<ひと日臥し卯の花腐し美しや>(橋本多佳子)…
<ひと日臥し卯の花腐し美しや>(橋本多佳子)。「卯の花腐し」は、卯の花を腐らせるように、たゆみなく降る雨のことで、夏の季語。雨が降り続く鬱陶しい季節の中にも、美と風情を感じ取ってきた日本人の感性が生んだ言葉である。
「卯の花腐し」の他、雨の多い日本では、降り方や降る時期によって、さまざまな雨の呼び名がある。春雨、村雨、時雨など、それぞれがその時期特有の降り方をするところから生まれたものだ。
しかし最近は、そういう特徴がなくなりつつあるように思えてならない。しとしと降る雨が減り、いきなりざあざあ降りになったりすることが多くなったように感じられる。降り方の微妙な違いは気象記録として残りにくいが、1時間に降る雨量などを見れば、そんな傾向は出ているはずだ。
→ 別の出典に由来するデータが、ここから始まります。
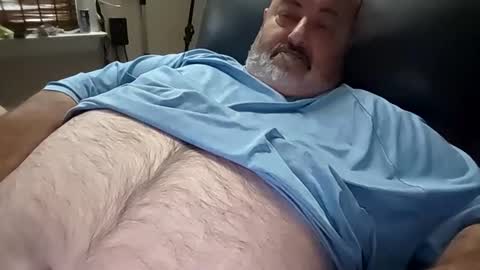 bigfuzzyteddybear online show from December 4, 2025, 4:38 pm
昨日東北地方が梅雨入りし、北海道を除く日本列島全域が梅雨入りした。その直後、各地で6月では記録的な大雨となり、土砂災害への警戒が叫ばれている。こういう雨はどちらかというと梅雨の終わり頃、降るはずなのに。
これも温暖化の影響だろうか。いずれにしても沢山の季語を生んだ季節の微妙な移り変わりが、だいぶ大味なものになったのは否めない。春や秋の1年で最も過ごしやすい時期となると、昔と比べぐっと少なくなった。
日本には季節を歌った名歌が多いが、そんな歌を聞く度に、昔は季節感が豊かだったとしみじみ思う今日この頃である。